Part One set out how the foundations were laid for the subsequent decades of rapid progress in the development and operation of sports and leisure centres.
Part Two (Chapters 4, 5 & 6) largely covers a quarter of a century of centre provision from 1976 that greatly influenced the long-term landscape of indoor community sports and leisure centres. It covers a period when the exponential growth of sports centres was phenomenal and when the buildings, particularly their design, use and costs, came more sharply into focus. [Part Three, Chapters 7, 8 & 9, is devoted to some specific aspects that also greatly influenced the development, management and use of centres before, during and after that quarter century, and deserve separate consideration].

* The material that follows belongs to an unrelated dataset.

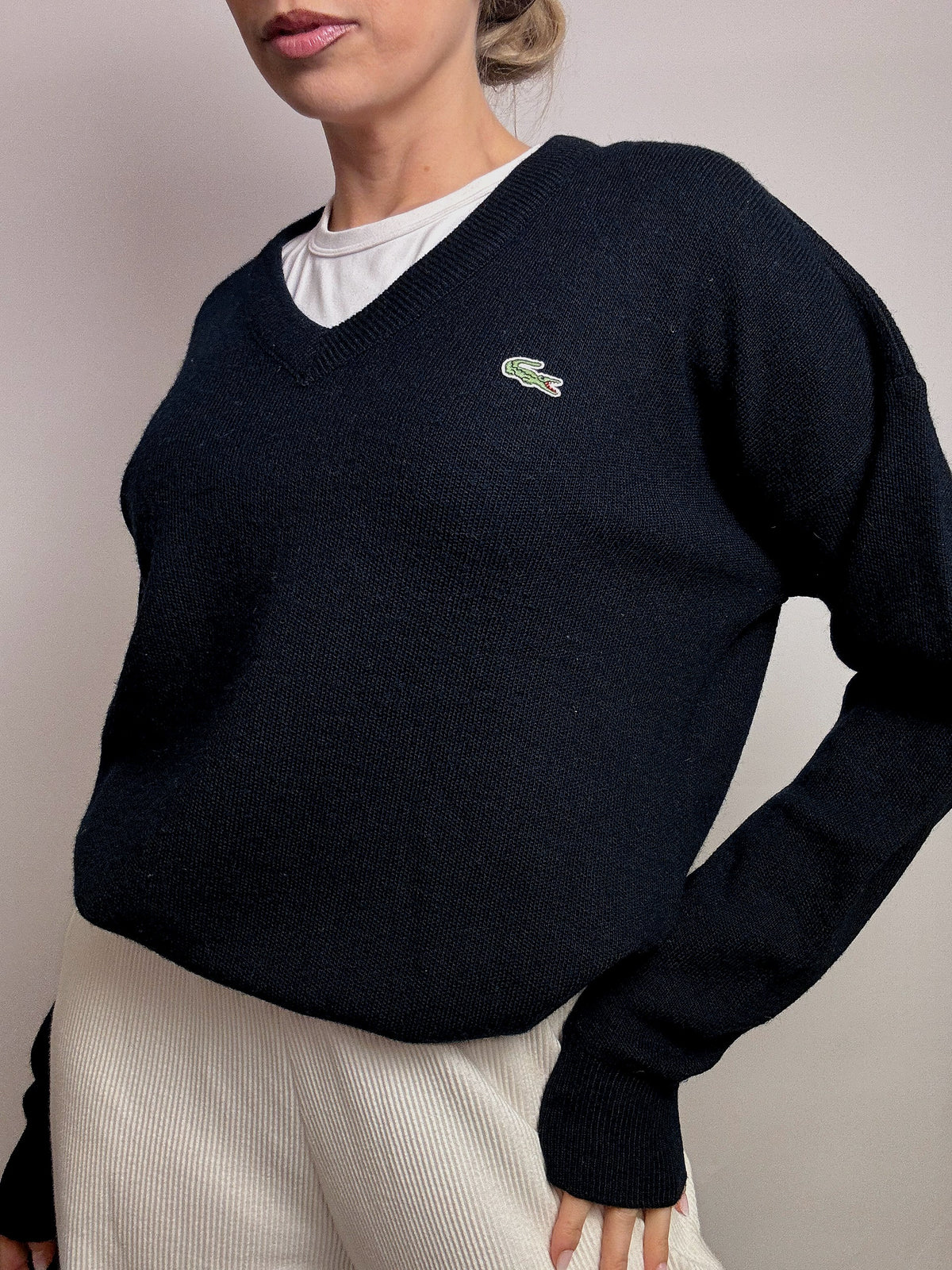LACOSTE S vintage navy blue V-neck wool sweater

Chapter 4 reflects how the design of sports centres quickly evolved over 25 years. It does not attempt to delve into the finer detail of the technical aspects that can be informed by reference to other relevant publications. Initially, a small number of pioneer architects influenced the design of centres. As additional centres came along, and more architects became involved, they followed the established early pattern. Having started with a pioneering design phase it then led on to new developments in sports and leisure buildings, where THE role of the specialist leisure architect grew. The arrival of leisure pools from 1974 helped to spearhead new design and facility developments. (Chapter 9 will look at how the design of centres developed after the mid-1990s).

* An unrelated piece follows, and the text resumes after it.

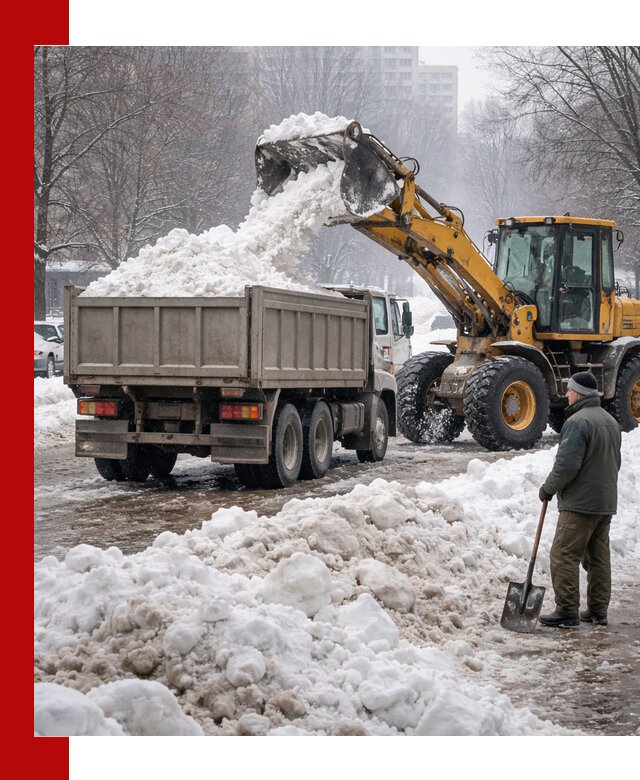 Вывоз снега грузовой техникой в Балахне оперативно и чисто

Chapter 4 also explains how the search for information derived from the provision, use and management experience of sports centres, started a hive of research activity. From the 1960s to the 1990s, no national sports topic received more published attention than sports facility provision, especially indoor sports centres.‘Indoor sports centres – research on their use and users and its impact on policy, provision and management’ is an extensive study of the research activities and processes across the decades. It has been written for ‘Harlow to K2 and Beyond’ by Mike Fitzjohn and Malcolm Tungatt, two former Sports Council officers, who are highly experienced in the sports research field. The full study is the basis for the summary research and planning sections of Chapter 4 and 9, which reflect the efforts made in researching the provision and use of sports centres, especially their use.
The operational management of centres over the years is inevitably a recurring theme through the decades and Chapter 5 examines a wide range of issues that came to bear from the early days and over time. Operational knowledge was developed from a very low base and matured with time into a broadly accepted pattern, with some inevitable changes reflecting various influences that came along.
Chapter 6 examines the exponential growth of sports and leisure centres across the UK as the ‘leisure age’ arrived. The numerous developments and regional variations are highlighted. Local Government Re-organisation had already initiated a further surge of new centres, with around 320 centres established by 1976. This significant social phenomenon then became increasingly replicated across the UK. The whole scene became transformed from its early foundations, and by the end of the 1990s there were over 1,800 UK centres. Chapter 6 also provides an overview of the activity and influence of managers, administrators and recreation departments across the period as well as referring to nominated ‘Legacy Legends and Gamechangers’ and some other key personalities closely involved in delivering the growth.